- Wing badge
- Active: April 2002 – April 2016
- Country: United Kingdom
- Branch: Royal Air Force
- Type: Intelligence
- Size: Wing
- Part of: No. 1 Group RAF
- Station: RAF Marham
- Motto: Oculi Propter Ungues

= Tactical Imagery Intelligence Wing, RAF =

Tactical Imagery-Intelligence Wing (TIW) was a 1 Group Force Element, based at RAF Marham.

== History ==
TIW was responsible for the processing and exploitation of fast-jet electro-optical imagery, on deployed operations, exercises and routine training. Fast-jet imagery has been analysed from the Raptor pod on the Tornado GR4 and the Digital Joint Reconnaissance Pod on the Jaguar, Harrier and Tornado GR4. TIW was also responsible for providing specialist training of all Imagery Analysts within 1 Group.
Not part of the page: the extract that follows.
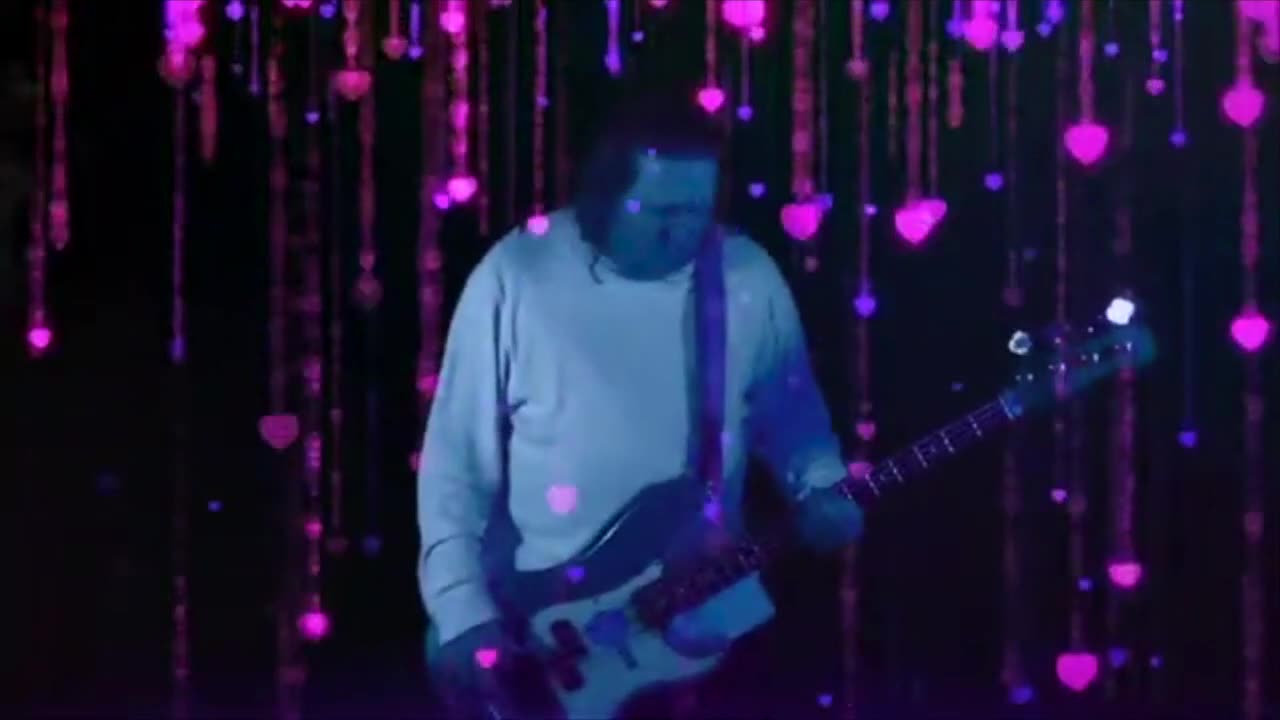 The Birthday Massacre - In The Dark | Bass Play Through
TIW was formed in April 2002 from II (AC), XIII and 39 (1 PRU) Sqn RICs (Reconnaissance Intelligence Centre). No. 41(F) Sqn RIC became part of TIW in April 2003. The formal grouping of what were previously four separate RICs brings benefits in ensuring a more coherent approach against a common set of standards.
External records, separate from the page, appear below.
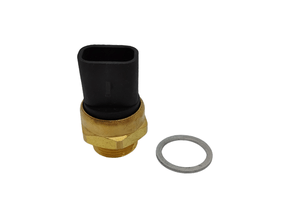 Interruptor Térmico Do Radiador Corsa 8v 94/96, Corsa Pick-up 8v 94/96 Valclei 1740.100/95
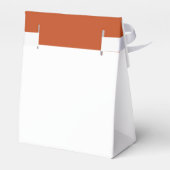 Ballotins Ballotin de Baby shower Halloween Little Boo (Arrière)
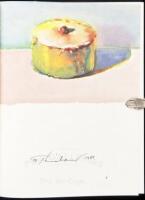 Private Drawings: The Artist's Sketchbook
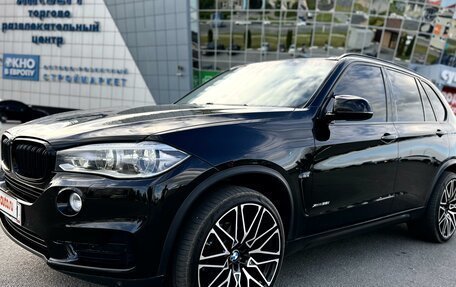 BMW X5, 2014 год, 3 050 000 рублей, 2 фотография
Traditionally, TIW was considered to be part of the role known as tactical reconnaissance or tac recce. As traditional tasking and reporting has evolved to provide a much broader, more complex and often more dynamic set of questions to—and range of products from—TIW, the term Combat-aircraft ISTAR (Intelligence, Surveillance, Target-Acquisition and Reconnaissance) much better describes the role of TIW and the aircraft that collect the imagery.

On 1 April 2016, TIW merged with other ISR units to form No. 1 Intelligence, Surveillance, and Reconnaissance Wing based at RAF Waddington.